Terence Crawford’s team is seeking at least $4,500,000 in compensation for “failing to provide Crawford with a second fight during the second year of the 2018 Agreement.”
The second breach of contract centers around the failure to make Terence Crawford vs. Errol Spence Jr.
From Boxing Scene:
“During the negotiations in or about October 2019, Crawford and his negotiating team informed Arum and DuBoeuf [sic] that he would not take the fight for the $4 million being offered to him. Arum and DuBoeuf informed Crawford that he should take the offer because a fight with Errol Spence Jr. (“Spence”) was right around the corner and that Top Rank could quickly make a Spence-Crawford fight happen.
“In fact, Arum and DeBoeuf said Top Rank would include a “Spence bonus” in the 2019 Kavaliauskas Bout Agreement in excess of nine hundred thousand dollars ($900,000) (the “Arum and DuBoeuf Spence Representations”) because they were confident they could make a fight with Crawford and Spence before the end of 2020.”
The discussions for the Kavaliauskas fight (with the “Spence bonus” included) apparently occurred a day after Spence’s serious car accident, which combined with the pandemic saw him not return to the ring until December 2020.
“Top Rank needed Crawford to sign the 2019 Kavaliauskas Bout Agreement in order to honor its obligations to ESPN and fraudulently entered into the 2019 Kavaliauskas Bout Agreement with the Spence Bonus Provision despite never intending to perform that promise in order to fraudulently induce Crawford into entering into the 2019 Kavaliauskas Bout Agreement.”
In total, Crawford is seeking upwards of $10 million in compensation.
Terence Crawford, who signed with Top Rank in 2011, is coming off a 10th round TKO of Shawn Porter last November. It was the last fight of his Top Rank contract and just his third pay-per-view under the Top Rank banner. Estimates for Crawford vs. Porter were put at less than 200,000 buys, which was more than his pay-per-views vs. Viktor Postol and Amir Khan combined but nevertheless not in the same ballpark as other stars such as Canelo Alvarez, Tyson Fury, or Errol Spence Jr. He has, however, consistently drawn strong viewership on ESPN television.
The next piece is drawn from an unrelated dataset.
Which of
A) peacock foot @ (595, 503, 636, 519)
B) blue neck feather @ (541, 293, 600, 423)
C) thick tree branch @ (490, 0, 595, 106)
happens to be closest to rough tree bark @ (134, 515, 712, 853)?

After his win over Porter, Terence Crawford indicated in the post-fight press conference that he was done with Top Rank and Bob Arum, while seated next to Arum. It’s no secret that Arum had repeatedly trashed Crawford for not doing enough to make himself a bigger star, and he’s been vocal about losing money promoting his fights.
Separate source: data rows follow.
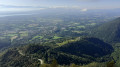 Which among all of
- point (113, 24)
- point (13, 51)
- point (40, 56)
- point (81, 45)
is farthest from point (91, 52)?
Result: point (113, 24)

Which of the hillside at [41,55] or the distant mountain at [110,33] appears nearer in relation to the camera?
the hillside at [41,55]

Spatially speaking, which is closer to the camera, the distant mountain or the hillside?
the hillside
What makes this lawsuit different than many other more recent boxing lawsuits is that Crawford is a promotional free agent, so there’s no bitter contractual battle like Top Rank had with Mikey Garcia.
Top Rank’s current notable fighters on the roster include Vasiliy Lomachenko, Tyson Fury, Teofimo Lopez, Josh Taylor, Oscar Valdez, Naoya Inoue, and Shakur Stevenson. Over the years they’ve promoted Thomas Hearns, Muhammad Ali, Floyd Mayweather (who himself had a contentious relationship with Top Rank), Sugar Ray Leonard, Oscar De La Hoya (who sued his way out of his Top Rank contract in 2001), and Manny Pacquiao.
Bob Arum has since responded to what he has deemed a lawsuit without any merit.
“Bud Crawford’s lawsuit against Top Rank is frivolous,” Arum said (via Mike Coppinger). “His vile accusations of racism are reckless and indefensible. He knows it, and his lawyer knows it. I have spent my entire career working life as a champion of Black boxers, Latino boxers, and other boxers of color. I have no doubt the court will see Crawford’s case for the malicious extortion attempt that it is.”
Crawford currently does not have a fight booked, but he’s certainly got himself a legal battle ahead with Top Rank.